Directions for this task: In the records below, repeat word for word only the lines starting at the one that contains "Cross & Clay" and ending at the one that contains "Elephant Shaped Wooden", pictures excluded.

Listed entries:
↓↓↓

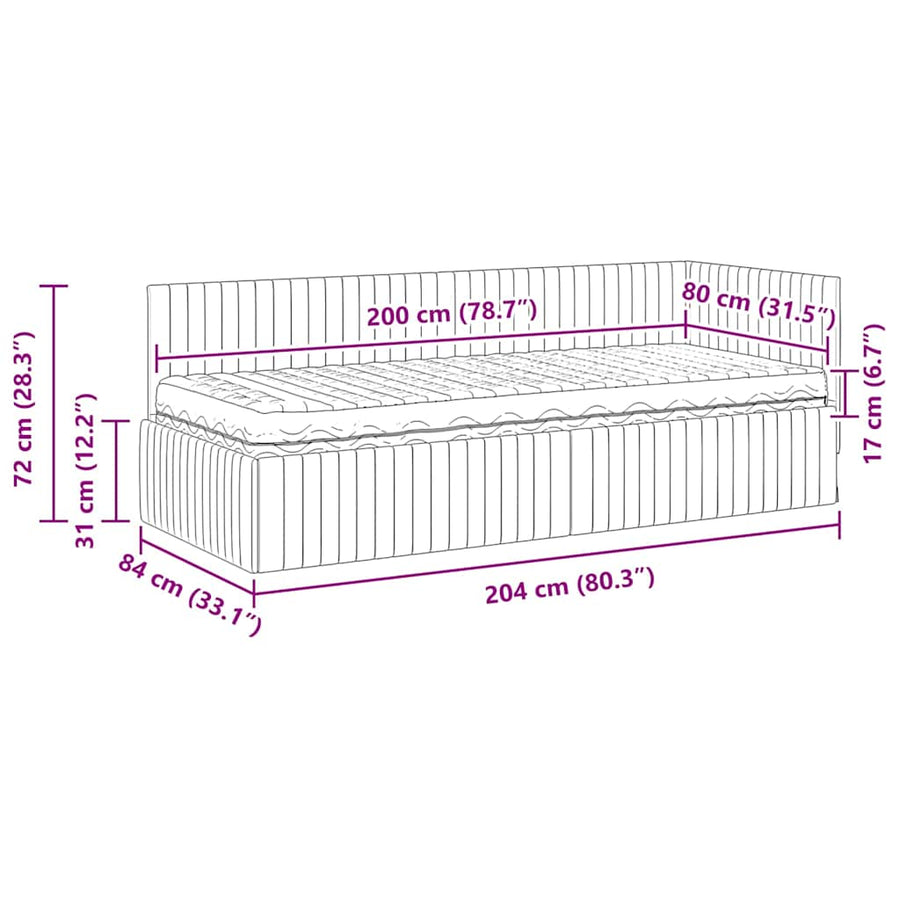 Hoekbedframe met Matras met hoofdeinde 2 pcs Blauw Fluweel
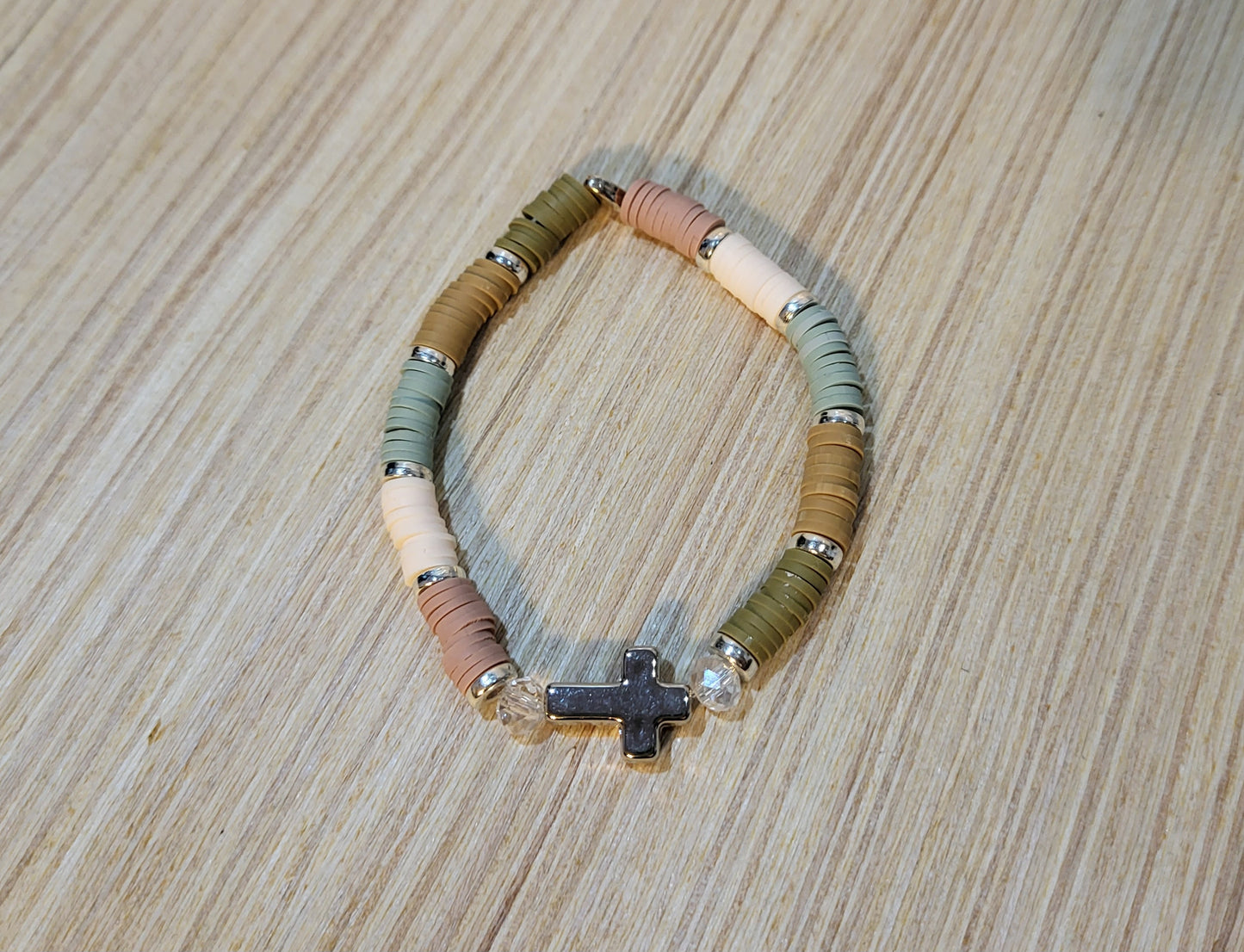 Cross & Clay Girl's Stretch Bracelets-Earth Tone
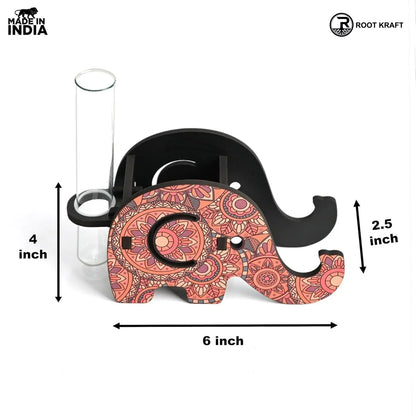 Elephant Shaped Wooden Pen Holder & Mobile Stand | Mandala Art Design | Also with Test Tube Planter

↑↑↑
↓↓↓

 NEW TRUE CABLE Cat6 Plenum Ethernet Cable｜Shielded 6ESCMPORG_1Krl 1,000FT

↑↑↑

Result:
 Cross & Clay Girl's Stretch Bracelets-Earth Tone
 Elephant Shaped Wooden Pen Holder & Mobile Stand | Mandala Art Design | Also with Test Tube Planter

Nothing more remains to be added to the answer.